The first is a growing international influence. Although the market for these wines is mainly local, the winemaking influences are decidedly global. Tantalus’s senior winemaking consultant, Jacqueline Kemp, is a New Zealand “flying winemaker,” who brings international experience to her work here. Production winemaker David Patterson is Canada-born, but he learned winemaking  in New Zealand and earned his winemaking spurs there and in Oregon and Australia.

All across the region I met winemakers and “flying interns” from around the world. In a way this continues an existing pattern, since many of the early winemakers here were immigrants who brought winemaking knowledge with them, but it is more than that. The Okanagan is now clearly part of a very intense global exchange of technical winemaking knowledge.

Talking with David about the great strides that the region’s wines have made, I brought up climate change.
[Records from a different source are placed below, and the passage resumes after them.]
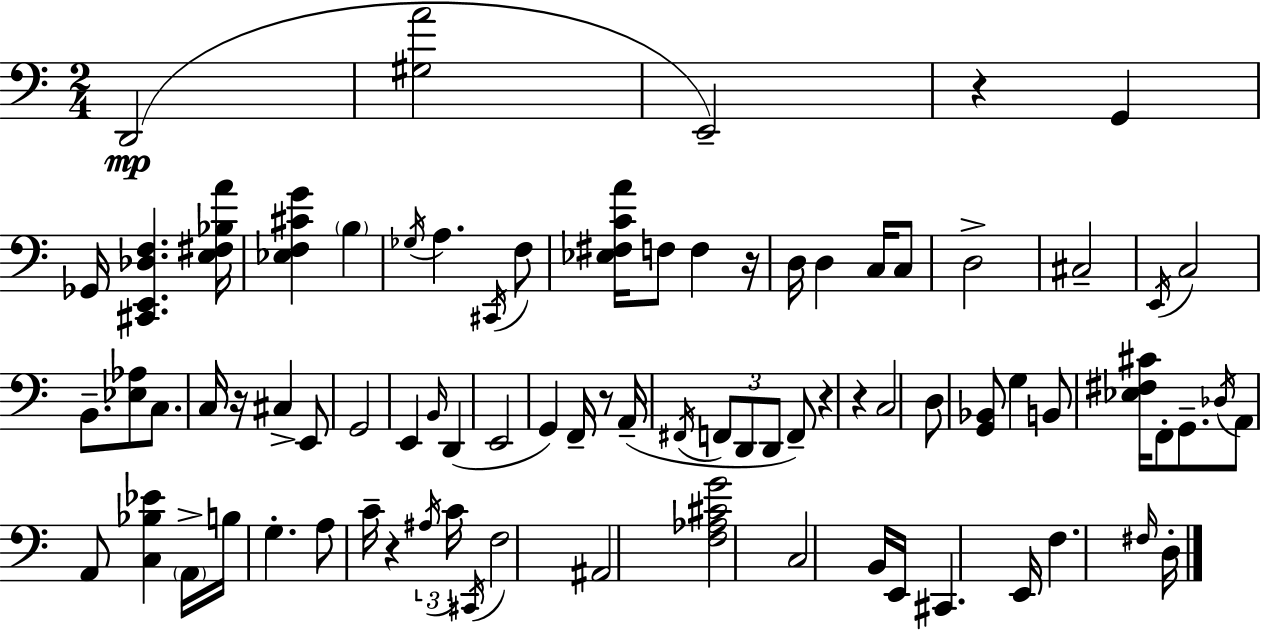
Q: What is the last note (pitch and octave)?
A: D3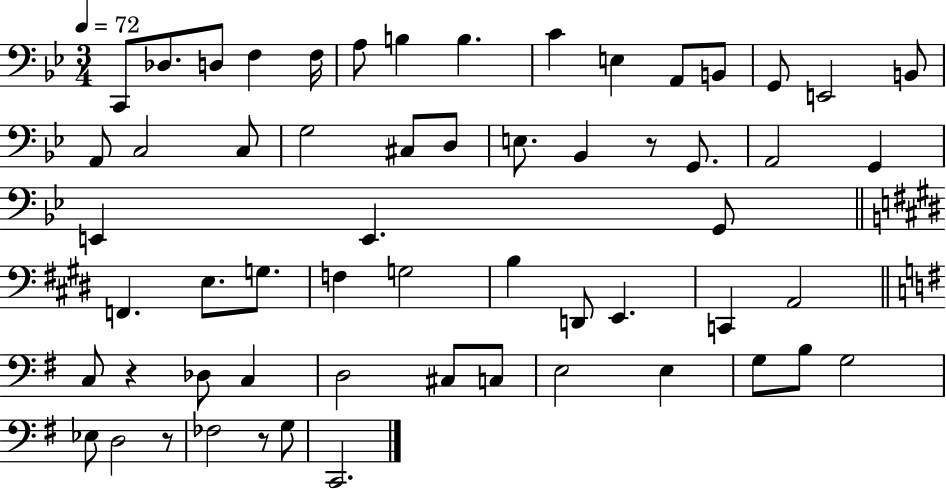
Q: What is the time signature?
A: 3/4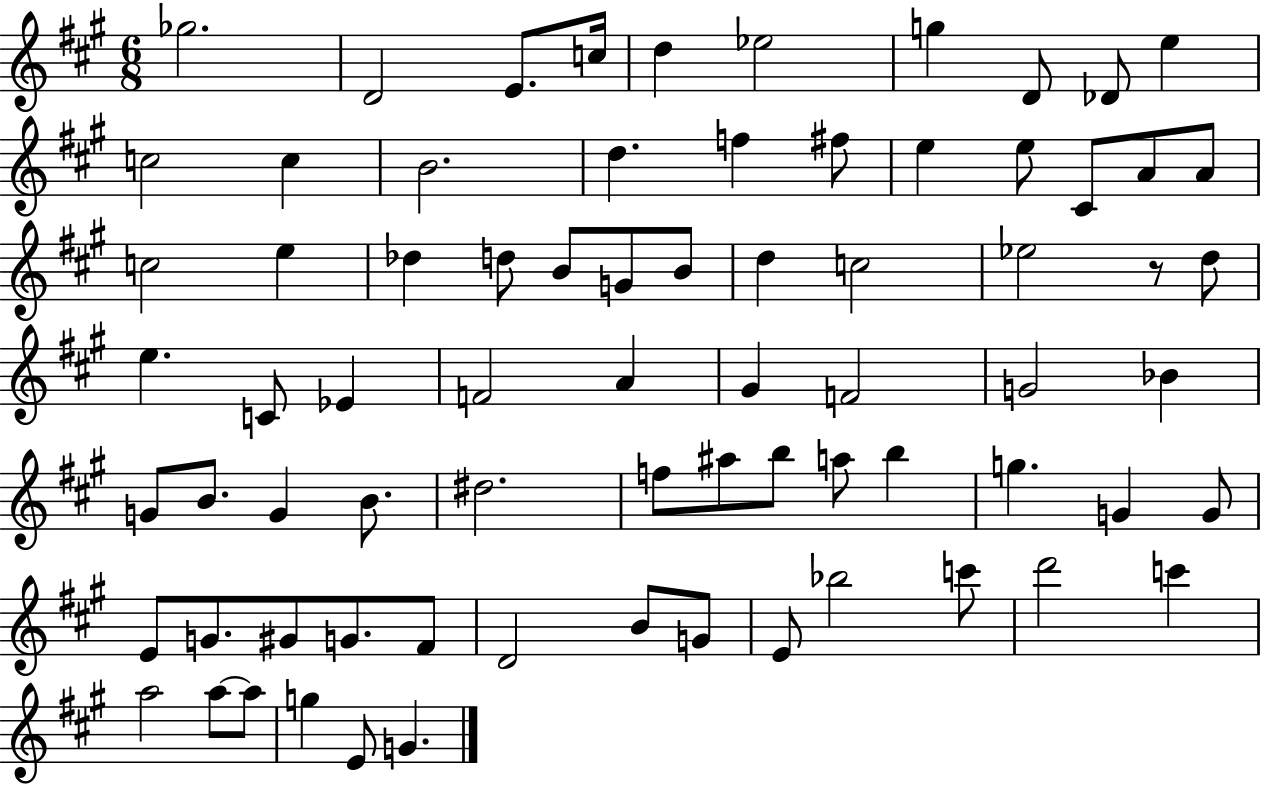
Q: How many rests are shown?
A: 1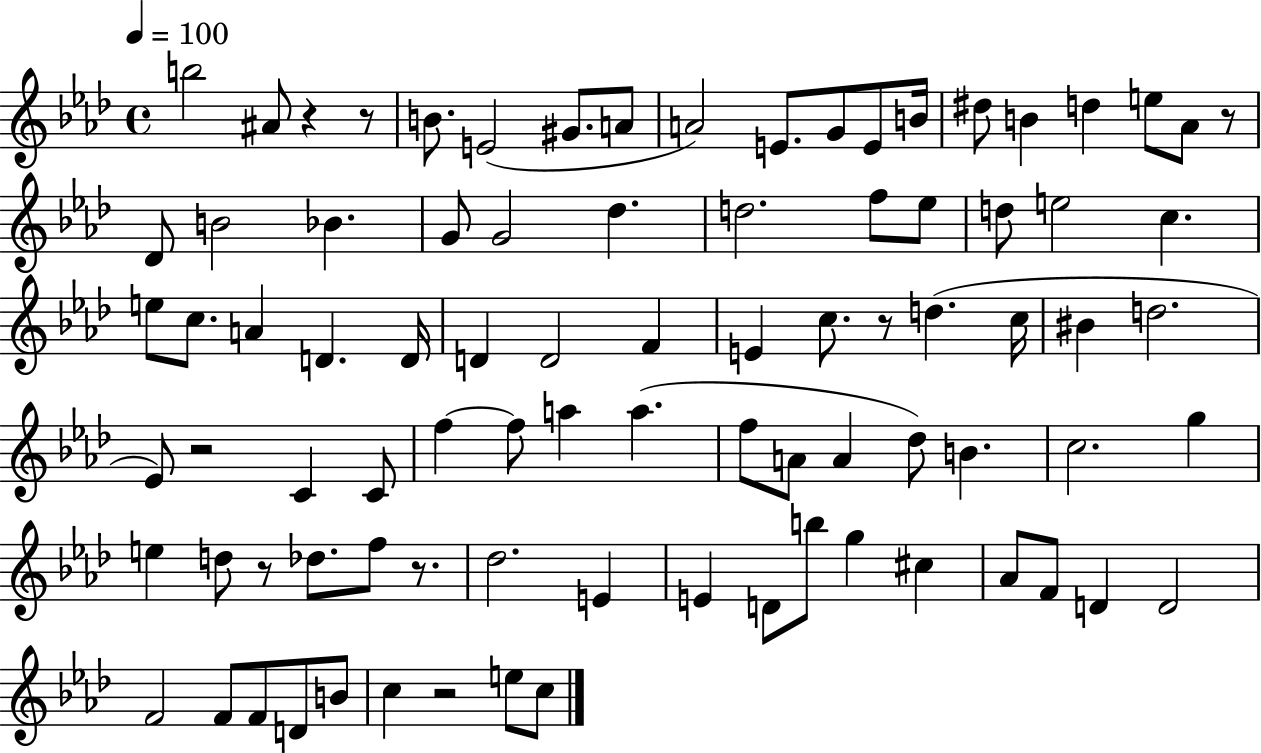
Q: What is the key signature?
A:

Surely the changing natural environment accounts for the improvement, I suggested. David disagreed. It was better winemaking, not warmer weather, that made the difference he said, and surely the international influences are part of that.

The second trend, which is seen so clearly at Tantalus, is that this global energy is clearly focused on identifying distinct local terroirs. The Tantalus team realize that theirs is an exceptional location for Riesling and Pinot Noir and they are drilling down into those vineyards and particular varietals to see what they will reveal.

The region is extremely varied in its micro-terroirs – almost anything is possible here from ice wine to Syrah and Zinfandel. But just because something can be done doesn’t mean you should do it and the race is on to find out what works best for each vineyard block.  Focus and increasing specialization are the wave of the future here.

Yes and No

So is past prologue?  Yes and no. Yes in the sense that the Okanagan wine industry wouldn’t be what it is today without the evolutionary process it’s experienced. The industry is stronger for the work of its pioneers and the legacy they created.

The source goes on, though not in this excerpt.